_Task statement_. What you should copy is the line containing "ショート カラー パーマ メンズ カット ちこ .のヘアスタイル" and all lines after it in the entries below, exactly and without anything added.

_Provided data_.
^^^^

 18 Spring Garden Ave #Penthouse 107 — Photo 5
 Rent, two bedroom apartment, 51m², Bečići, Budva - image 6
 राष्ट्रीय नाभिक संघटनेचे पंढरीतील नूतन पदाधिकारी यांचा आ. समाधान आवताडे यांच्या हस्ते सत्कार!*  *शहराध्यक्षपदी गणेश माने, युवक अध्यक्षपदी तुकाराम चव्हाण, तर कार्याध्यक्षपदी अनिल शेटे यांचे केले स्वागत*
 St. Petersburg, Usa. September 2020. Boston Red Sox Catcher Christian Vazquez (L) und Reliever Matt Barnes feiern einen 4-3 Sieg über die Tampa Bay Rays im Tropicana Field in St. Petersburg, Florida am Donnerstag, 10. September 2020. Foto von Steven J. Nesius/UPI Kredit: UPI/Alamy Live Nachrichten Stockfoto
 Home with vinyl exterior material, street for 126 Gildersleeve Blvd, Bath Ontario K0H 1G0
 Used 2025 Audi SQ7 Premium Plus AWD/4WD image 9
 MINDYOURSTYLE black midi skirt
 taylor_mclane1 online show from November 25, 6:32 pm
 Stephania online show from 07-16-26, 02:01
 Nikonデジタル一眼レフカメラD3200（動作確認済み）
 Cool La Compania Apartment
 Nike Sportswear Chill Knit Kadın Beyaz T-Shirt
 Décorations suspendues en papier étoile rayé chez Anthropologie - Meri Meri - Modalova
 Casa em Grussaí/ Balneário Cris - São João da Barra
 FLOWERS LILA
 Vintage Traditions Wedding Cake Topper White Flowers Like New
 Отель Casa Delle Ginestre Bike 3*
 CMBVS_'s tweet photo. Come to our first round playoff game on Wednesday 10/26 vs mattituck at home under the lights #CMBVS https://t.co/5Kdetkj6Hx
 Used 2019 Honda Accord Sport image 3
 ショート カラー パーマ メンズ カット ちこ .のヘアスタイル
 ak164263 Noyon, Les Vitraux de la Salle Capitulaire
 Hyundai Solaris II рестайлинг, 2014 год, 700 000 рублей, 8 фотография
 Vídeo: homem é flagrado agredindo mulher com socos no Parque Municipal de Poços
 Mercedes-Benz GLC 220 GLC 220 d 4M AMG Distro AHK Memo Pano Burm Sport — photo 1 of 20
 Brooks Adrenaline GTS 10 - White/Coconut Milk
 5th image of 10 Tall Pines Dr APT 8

^^^^

_Task output_.
 ショート カラー パーマ メンズ カット ちこ .のヘアスタイル
 ak164263 Noyon, Les Vitraux de la Salle Capitulaire
 Hyundai Solaris II рестайлинг, 2014 год, 700 000 рублей, 8 фотография
 Vídeo: homem é flagrado agredindo mulher com socos no Parque Municipal de Poços
 Mercedes-Benz GLC 220 GLC 220 d 4M AMG Distro AHK Memo Pano Burm Sport — photo 1 of 20
 Brooks Adrenaline GTS 10 - White/Coconut Milk
 5th image of 10 Tall Pines Dr APT 8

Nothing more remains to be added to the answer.